The approved referendum also allowed Naperville Township to levy up to 0.15% annual property tax that would serve as its mental health board’s source of revenue. Imposing the full amount would yield about $8 million but the body doesn’t need that much, Rasche said.

“This is our first year,” he said. “This is inaugural. … We wanted to be very judicious with the taxpayer funds and to not get ahead of our skis.”

Rasche is one of nine members on Naperville Township’s mental health board. Other members consist of local mental health professionals, community volunteers and two other township officials, including Supervisor Eddie Bedford.
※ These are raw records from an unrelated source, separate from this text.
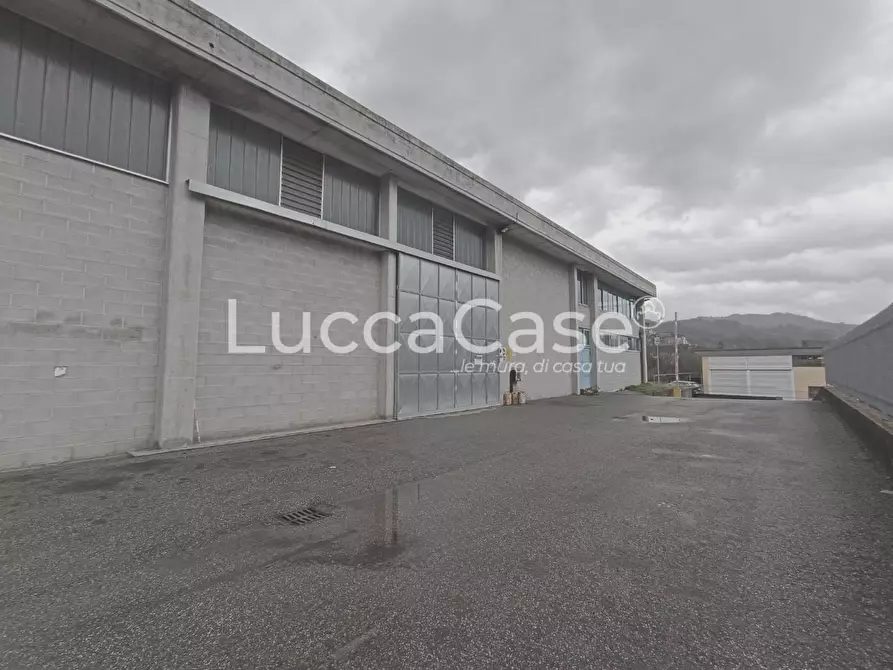 Immagine 17 di Capannone industriale in affitto  a Coreglia Antelminelli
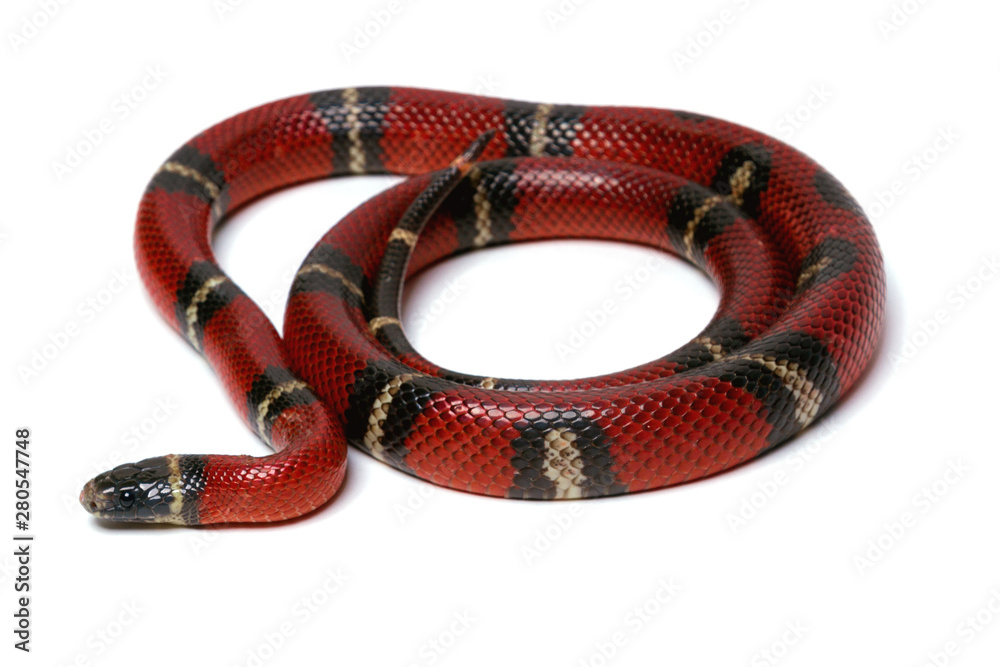 Fototapeta premium Red-black Milk snake isolated on white background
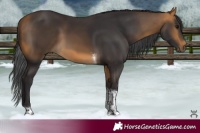 Horse Color:Buckskin Tobiano Rabicano 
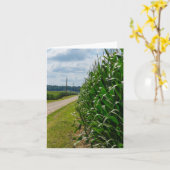 Neben einem Maisfeld Karte (Gelbe Blume)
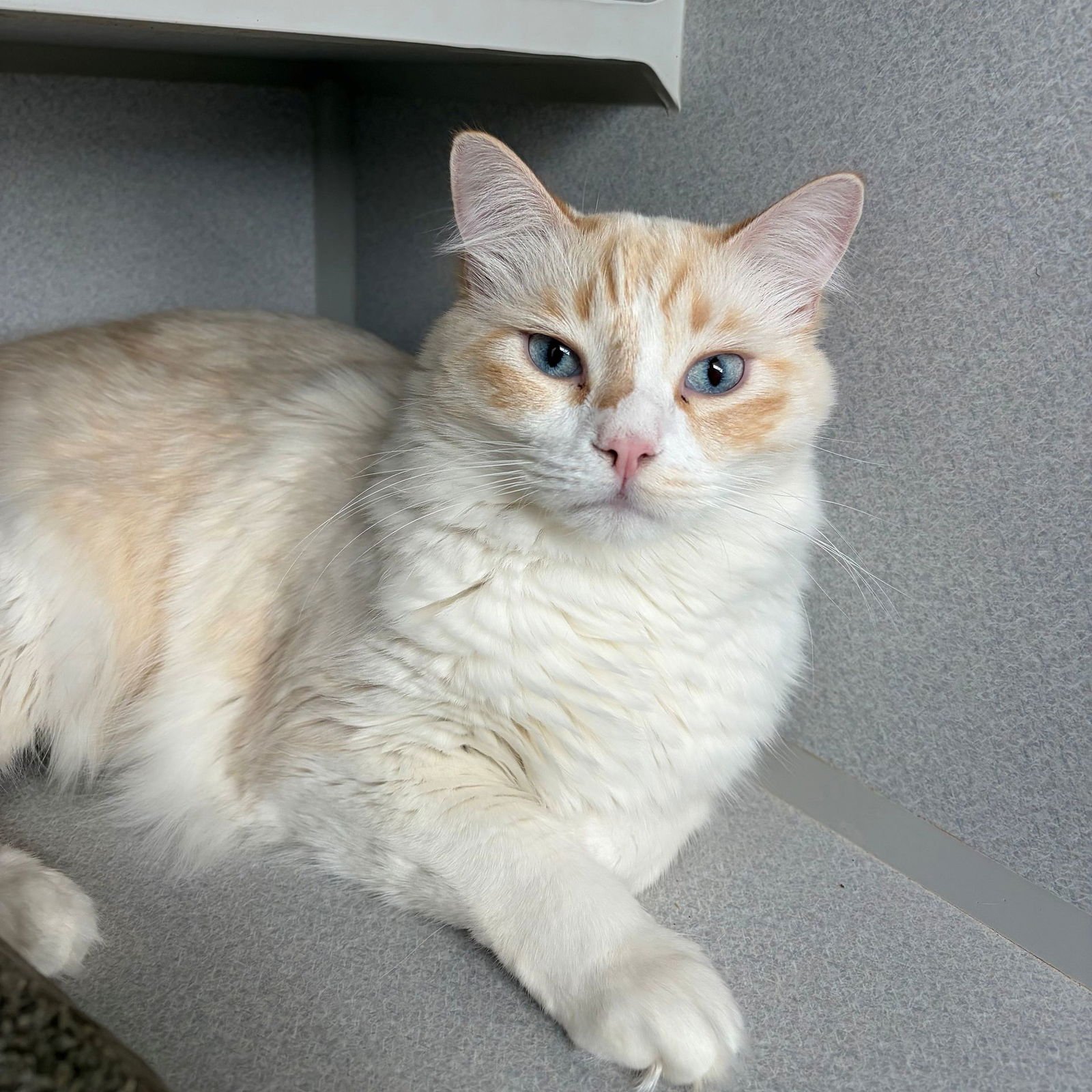 DAY - Unknown available for adoption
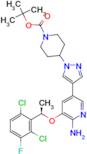 (R)-tert-butyl 4-(4-(6-amino-5-(1-(2,6-dichloro-3-fluorophenyl)ethoxy)pyridin-3-yl)-1H-pyrazol-1...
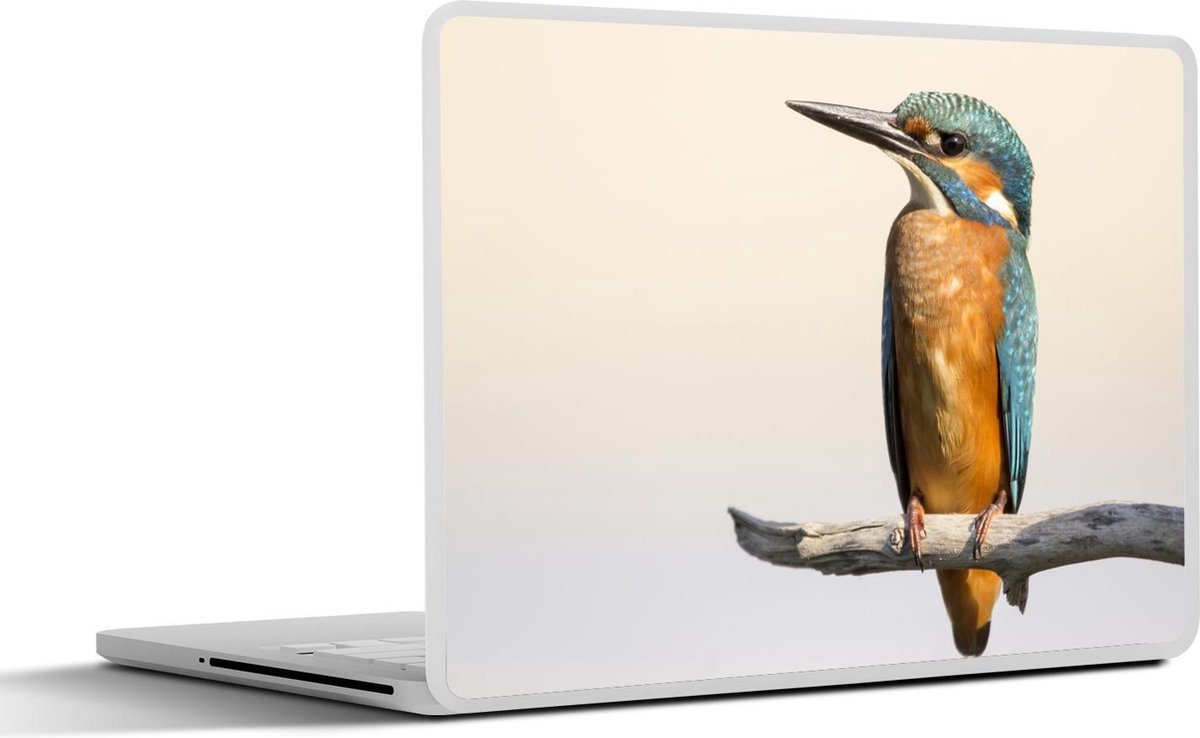 Afbeelding van product SleevesAndCases  Laptop sticker - 11.6 inch - IJsvogel - Takken - Dieren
The group has met intermittently since forming. According to Bedford, meetings “have been very, very productive.”

“(We’ve) had lots of conversations so far about where we can go and where we should go,” he said. “And then a lot of discussion on what the levy should look like.”

Bedford said it was, for the most part, a unanimous vote to seek $800,000.

“The bottom line is that we could have levied up to $8 million,” he said. “(But) the township itself functions on $3.6 million. To levy $8 million, I think the taxpayers would have come after us like crazy.”

With the amount requested, the average township homeowner will see their tax bill go up about $21.

“I think (the $800,000) is a good starting point,” Bedford said.

Final levy approval is to be made at the township board’s Dec. 12 meeting. State law requires that taxing districts file tax levy documents with the county clerk by the last Tuesday in December, which this year is Dec. 26.

Bedford says Naperville Township is “right where we should be’' in developing a mental health board. That’s despite the board’s future being uncertain just a few months ago.

In August, concerns surfaced that not only Naperville’s referendum, but those establishing mental health boards in several other suburban communities were invalid because they didn’t include certain language and details required by state law. The technical error jeopardized local governments’ ability to collect revenue for their mental health board programs next year.

Last month, however, Illinois lawmakers validated the questioned referendums with Senate Bill 690.

Gov. J.B. Pritzker signed the bill Nov. 17, according to Illinois Senate Democrats communications specialist Erin Carney. It went into effect immediately, she said.

“We were very sensitive to the issue that was happening downstate,” said John Waller, Naperville Township trustee and a mental health board member.

“They took it just about to the wire (in getting it passed). It would have been a real time crunch if they had taken it any further. … We convened a special meeting less than a week after they made that decision so that we could get this whole process going and make sure we were doing the right steps.”

Still, even while confusion was being worked out, Waller and Bedford resolved that “we were going to keep going until someone told us not to,” Waller said.

“If we put a pause on things, then you just stopped all the momentum going forward,” he said. “It just defeats the purpose. If the legislature was going to tell us to stop everything, we were prepared to do that. But we also wanted to make sure we were following our plan.”

With the obstacles cleared, Waller said he and other board members are now working towards developing a one-year and three-year plan for how they can best allocate tax revenue. The board plans to engage with local mental health organizations to ensure funding goes where it is most needed, he said.

“I think we need to reach out to (those partners) just as a starting point to ask (them), ‘Where are your gaps? Where are your shortfalls? In the best of all possible worlds, if you could expand your mental health programs, what would that look like? And how could we help you get there,’” Waller said. “That’s going to be our focus.”